What does she feel, this unloved mother, this glowing woman on the brink of something she doesn’t comprehend, when she steps out to the grocery shops with her family, in her dark blue floral dress that’s a little more low cut then she realises.
What does she think when she walks the aisle, picks up the Rye bread like she’s done so many times, looking at a young couple walk past, laughing and flirting and nestled into each other close.
Will she ponder her age, her age of fifty seven, what her teenage years was like, sitting in the drive in, watching the shark claim it’s next victim in the summer of 1974.
Will she think of that time in the shower a month ago, where she pulled on her nipple till it felt like the skin was tearing off, where she fell against the bathroom wall and cried because she didn’t understand.

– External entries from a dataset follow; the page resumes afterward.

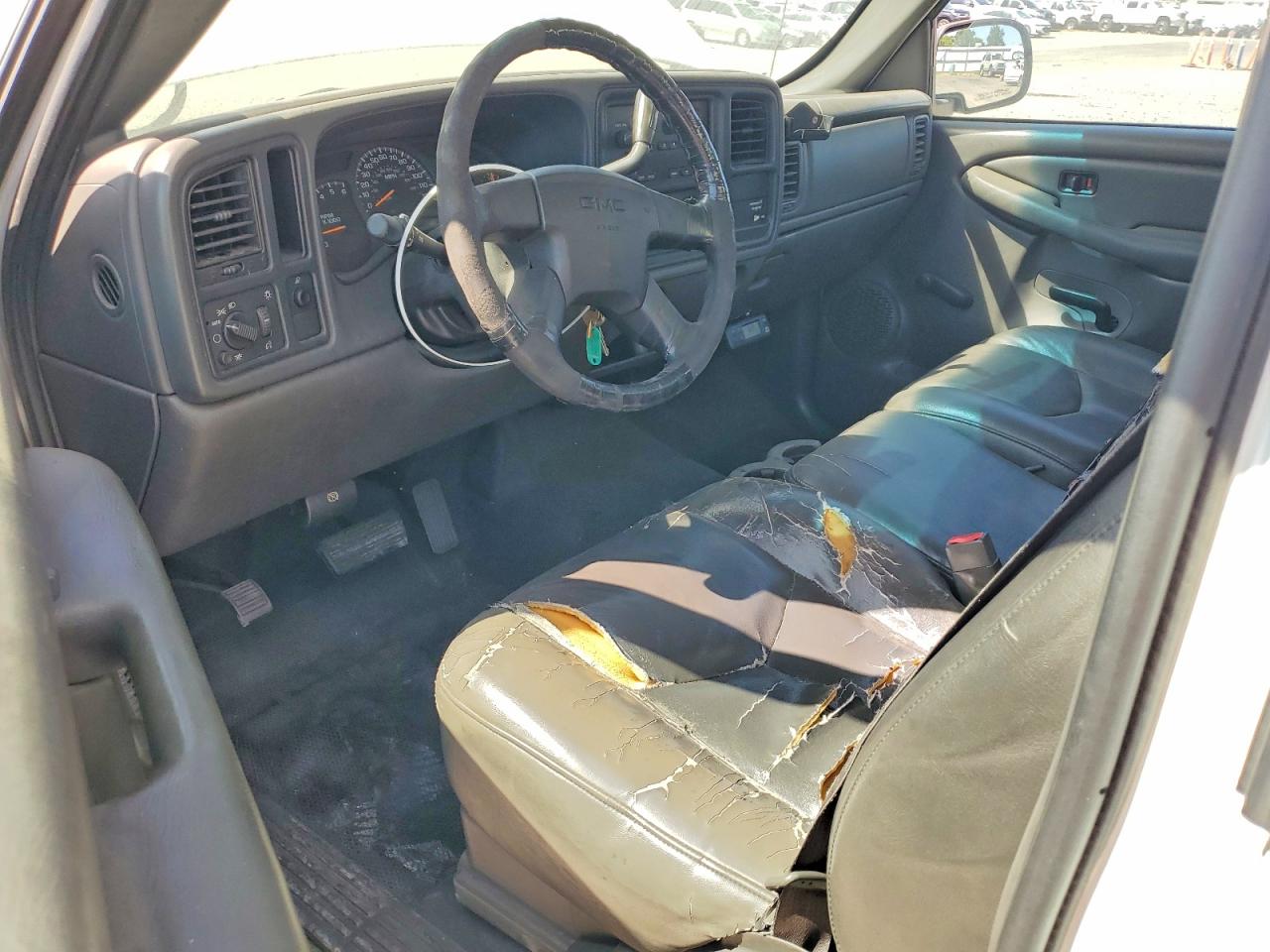 2003 Gmc Sierra C2500 Heavy Duty Белый vin: 1GTHC24U03Z257775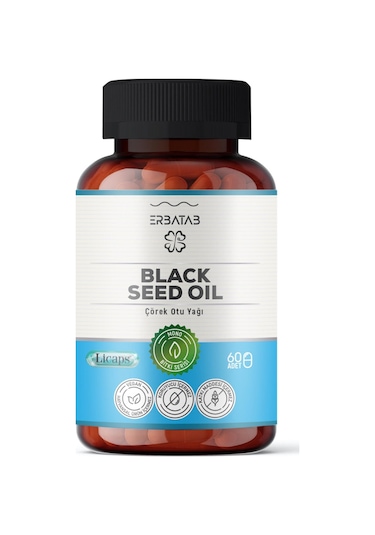 Erbatab Çörek Otu Yağı 60 Kapsül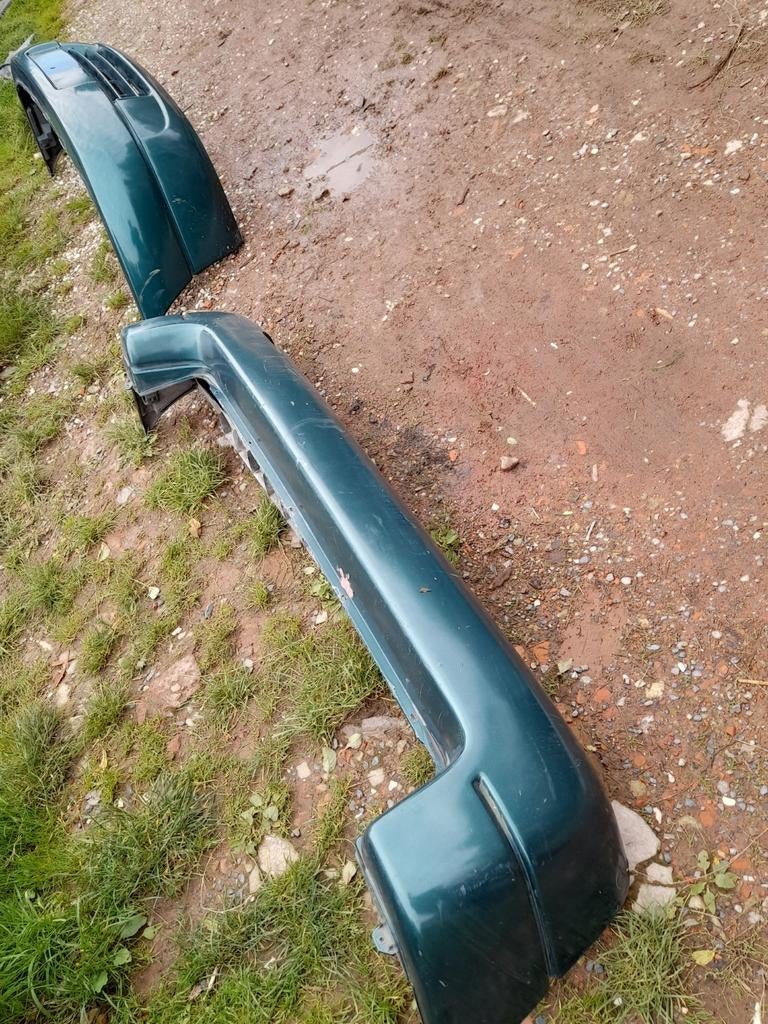 achterbumpers citroen berlingo, peugeot partner bj'96-2004, Ophalen of Verzenden, Gebruikt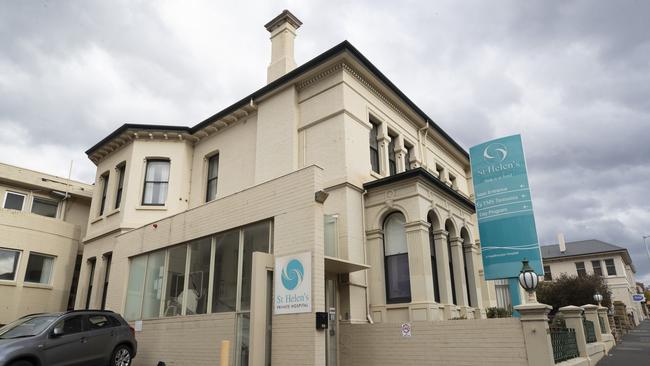 St Helen's Private Hospital, Hobart. Picture: Chris Kidd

Is that what she feels, when she places the bread into the shopping basket, forcing a smile to her unknowing husband, who doesn’t know what she’s thinking. Does she feel the pulling sensation, tearing through her flesh, through her fabric, at her consciousness?
Will it make her scream when he asks what’s next on the list, because she can’t stand it – not another day of this routine, this mechanical, every beat, every sweep accounted for, routine of shopping. Will it make her want to tear every item of clothing off her body, till her clothes lay in shreds at her feet, till the coolness of the store air con kisses her nipples, will it make her want to curse, this desire. Curse at the top of her lungs, every obscenity, every humiliating, Degrading slur towards her world, herself, her husband and her son.
Because she doesn’t want this, this life, this family, this husband in this one story home, this old car they’ve had, her old dresses, she doesn’t want anything right now because she wants to fuck. She wants to take the hand of this young man, take him from his young girl and show him that she can fuck. That she wants to fuck. That she lives for, would die right now, for a cock, so thick, so hard, to just ease into her, or slide or slam in roughly, she’ll take anything.
She doesn’t want to think, not about food, not about the mortgage, not about her husband losing his drive to fuck, not about her own lack of interest.
She doesn’t want to think about tomorrow, how she’ll judge herself, her body, her mind, her desires.
All she wants to, this unloved mother, is fuck. To grunt like an animal on the cold hard floor of the store, to be taken savagely like she’s never tried, like this moment in time will allow, as it stops for her, free of judgement and ridicule.
Will they notice? The men, the woman of the store, will they they notice her unexpectedly too low cut dress, revealing her plain white bra and curves of her breasts. Will they wonder or hope or dream or fuck their partners that night to the curves of her breasts?
As she pulls the strap of her dress back up on her shoulder, she wonders as she aches secretly. To no one but herself.
And as her husband directs her down the aisle, she follows. Grateful for his existence.